● Your instructions
The answer should hold only the lines from the one containing "kitchen with light" through the one containing "Eine Auflaufform mit" in the entries below, copied exactly, without pictures.

=== Supplied data ===

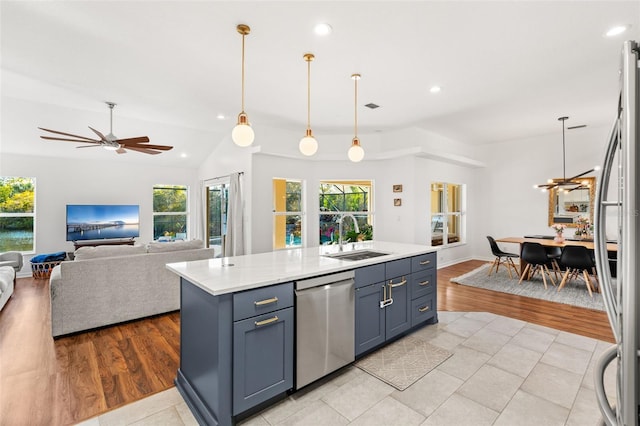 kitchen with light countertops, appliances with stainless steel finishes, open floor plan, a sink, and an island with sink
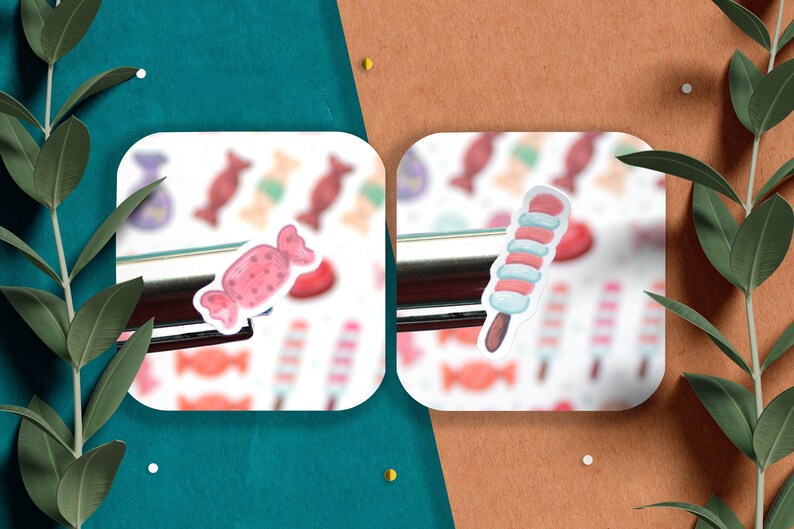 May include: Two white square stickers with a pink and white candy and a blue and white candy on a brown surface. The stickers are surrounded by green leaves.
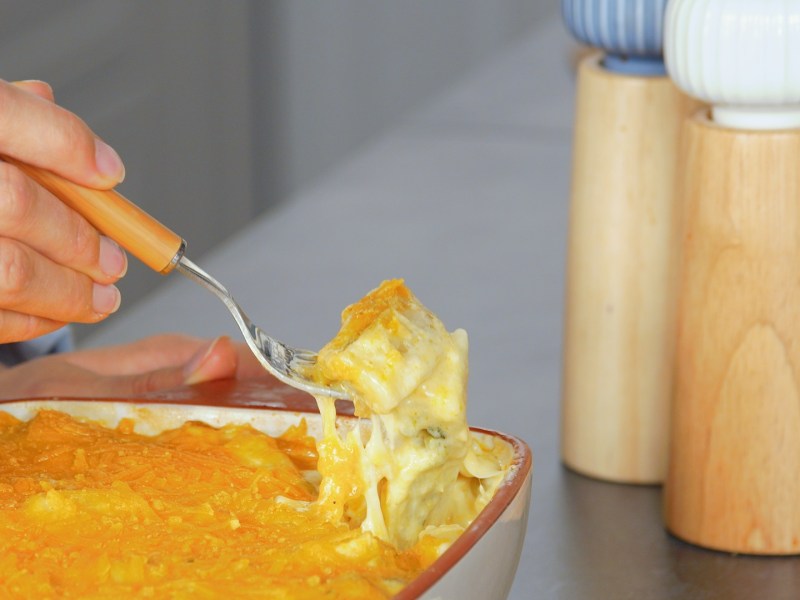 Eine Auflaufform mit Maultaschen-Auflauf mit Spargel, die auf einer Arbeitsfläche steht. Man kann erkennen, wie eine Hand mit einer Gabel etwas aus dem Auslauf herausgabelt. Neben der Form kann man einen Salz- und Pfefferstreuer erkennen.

===
=== Supplied data ===

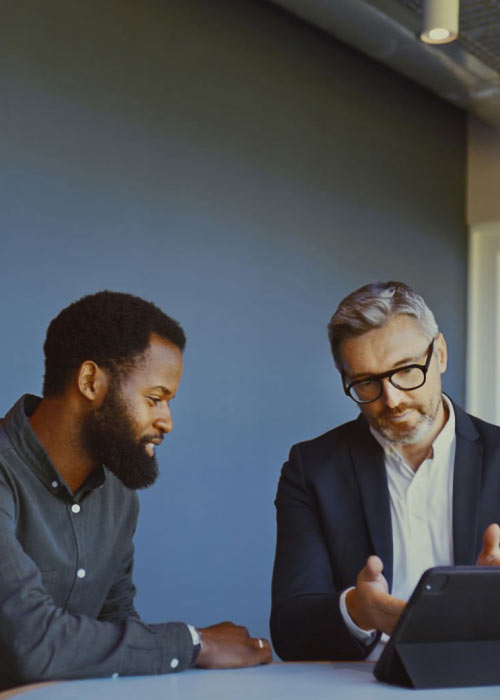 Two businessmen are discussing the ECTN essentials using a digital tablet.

===
=== Supplied data ===

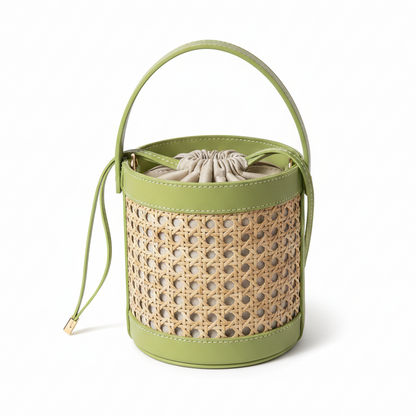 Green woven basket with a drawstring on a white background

===

● Your solution
 kitchen with light countertops, appliances with stainless steel finishes, open floor plan, a sink, and an island with sink
 May include: Two white square stickers with a pink and white candy and a blue and white candy on a brown surface. The stickers are surrounded by green leaves.
 Eine Auflaufform mit Maultaschen-Auflauf mit Spargel, die auf einer Arbeitsfläche steht. Man kann erkennen, wie eine Hand mit einer Gabel etwas aus dem Auslauf herausgabelt. Neben der Form kann man einen Salz- und Pfefferstreuer erkennen.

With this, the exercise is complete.